Mmmm... how do we start? Fantasy movies have this way of slipping away like a slimy eel in a closed fist, when you try to label them. If you say they are boring, you are missing the shrouded, symbolic meaning. More than simple entertainers, they are a fecund breeding ground for unintended (by the maker) metaphors, inspiration, and the resulting cults. So if you aren't a part of one of those cults, you have no business doing a review.
Well, anyway, Narnia isn't half as strong as cult-inspiring movies like Harry Potter, The Matrix or LOTR. For one thing, it is definitely a children's movie. Secondly, there is a certain somnolence, a tendency for long periods of conversation and inaction.
The Chronicles Of Narnia are related with a Victorian novel-like lingering and ponderance on intermediate scenes. Lucy meets Mr. Tumnus (James McAvoy) and they have a looong chat. Another good quarter hour of time goes by as the kids dawdle around before they finally get around to entering Narnia. Once the kids reach Aslan, there is still plenty of tete-a-tete before we cut to the chase.
The story, based on the series of seven books written by C S Lewis, is about the four Pevensie siblings: Lucy (Georgie Henley), Edmond Skander Keynes), Susan (Anna Popplewell) and Peter (William Moseley). They are sent away by their parents from war-torn London, to stay in the country with an eccentric professor (Jim Broadbent).
Lucy accidentally stumbles into an old wardrobe, and gets transported into an alternate universe - Narnia. It is a land that has been in winter for 100 years, under the domination of a wicked white witch (Tilda Swinton).
The good side is led by Aslan (Liam Neeson), a magnificent lion who is uniting the denizens of Narnia in a war against the witch. It is prophesied that the four children (two sons of Adam, and two daughters of Eve in Narnia-speak) will enter the frozen land one day and lead it to the much awaited thawing.
With the ultimate war that occurs between the two sides, Narnia suddenly reveals all its secrets in a deluge. What was so far a faltering, self-conscious and almost prissy lead up of events, turns into a voluptuous, no-holds barred, full-bodied and epic unfolding of the fantasy. The movie suddenly bursts forth with a sensuality, almost like a stripper who has suddenly dropped off her full-length gown.
Leopards, white-tigers, phoenixes, fauns, gryphons, unicorns and centaurs lunge across a battle field to clash with ogres, wolves, goblins, rhinos and evil dwarves. The good side is led by Peter with his sword, helped out by Edmund, standing on the lookout above a cliff. The evil side has the magnificent white queen, always looking like a vision in swirling furs.

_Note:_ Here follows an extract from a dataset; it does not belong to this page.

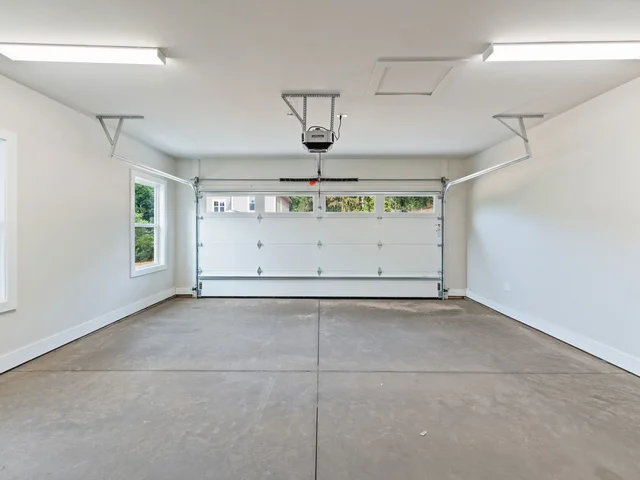 Chapel Crossing 2 115 Garage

Like a cascading waterfall, the war only builds up, from one triumph to another, giving you goose-pimples that get progressively bigger. There are resurrections, miraculous healings, and shows of fabulous strength in lightning-charged clashes of swords.

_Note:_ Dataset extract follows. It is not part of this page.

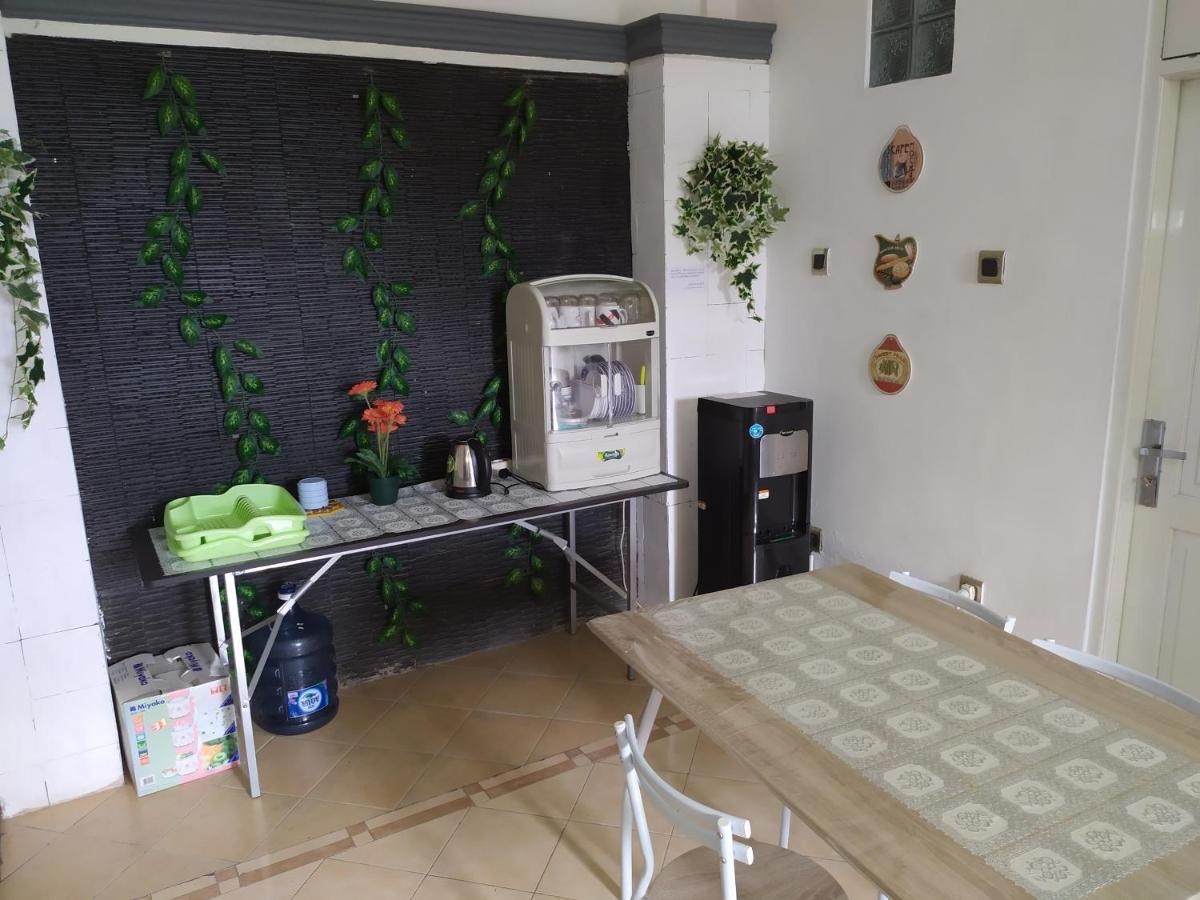 Ndalem Gorongan Guesthouse Maguwo Bagian luar foto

The war is indeed the revelation of Narnia, the orgasm at the end of elongated foreplay. Perhaps it is just this sequence that with its own sheer brawn, carries Narnia to the plane of cult movies.
The four children, the future kings and queens of Narnia, are adorable, and do a great job of playing valiant. The youngest of the lot, Georgie Henley, obviously get the most pats on her back. She is sweet, and surprisingly sensitive in her portrayal of various emotions.

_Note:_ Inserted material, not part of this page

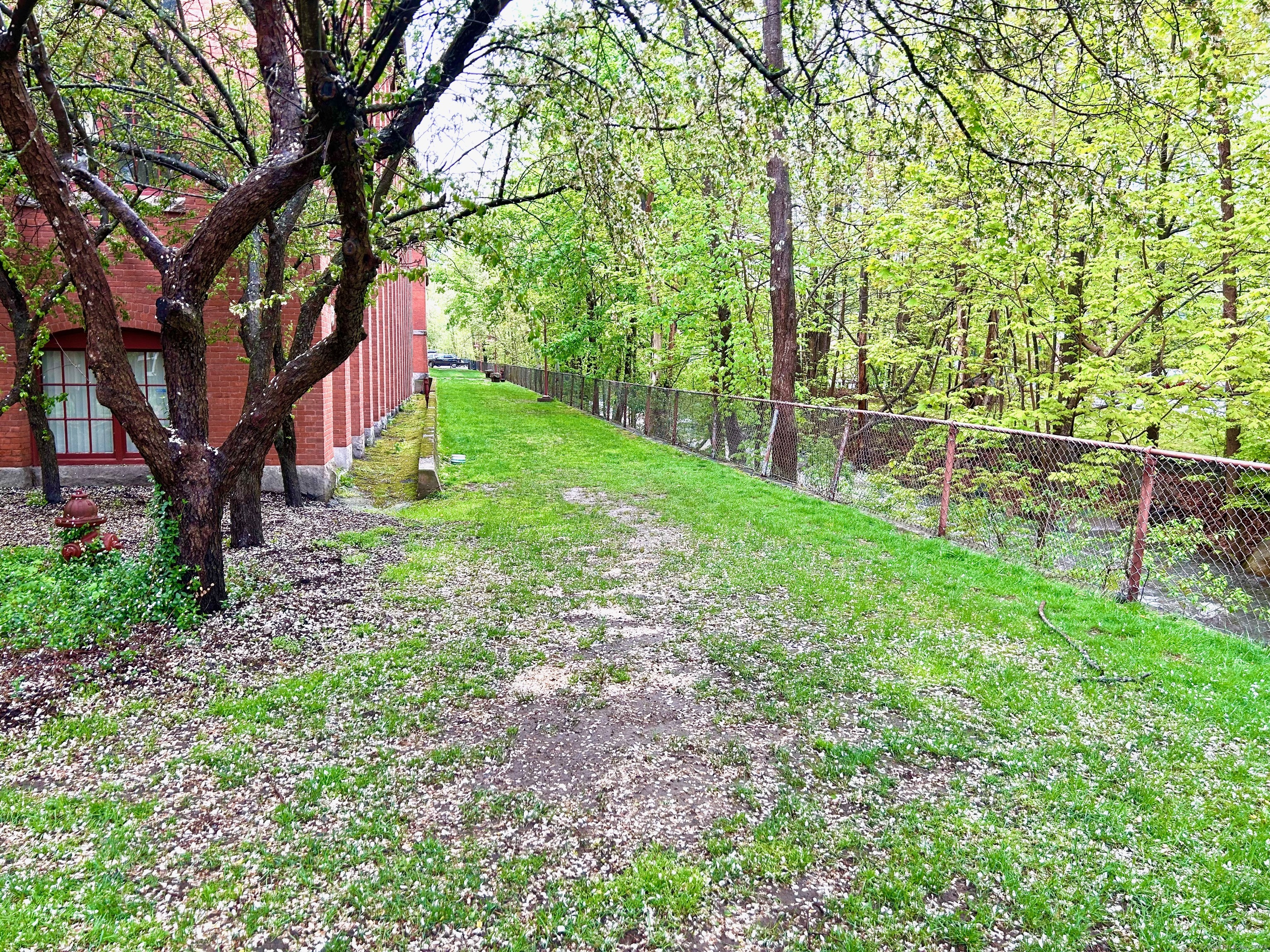 839 Main Street #APT 30, Torrington, Connecticut image 3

Along their way to the white witch, there are beavers, foxes and trees. All of them, when they do appear after long commas and breaks, are humorous at the best till the climax. Aslan the lion, as the head that wears the crown, displays a piquing combination of strength, righteousness and, therefore, self-imposed vulnerability. Liam Neeson's quietly echoing voice does a great job of evoking a feeling of inspiration.
Narnia on the whole seems like a diminutive version of an LOTR. Probably simply because it is a children's movie. It is short, at 2 hours, and has a straightforward story. The dark, the gross and the grody, stay strapped away by frequent little triumphs. A good, hearty, victory is never more than a few minutes away.
Send your kids to Narnia as surely as you would buy them a set of beyblades. Looks like this one is going to get at least half as much of a following as Potter, and so the peer pressure will be commensurate. As for yourself, well, if you are big on fantasy, this just might be fun. Maybe delayedly, but it does ultimately let you ride that mind-stirring wave of fantasy.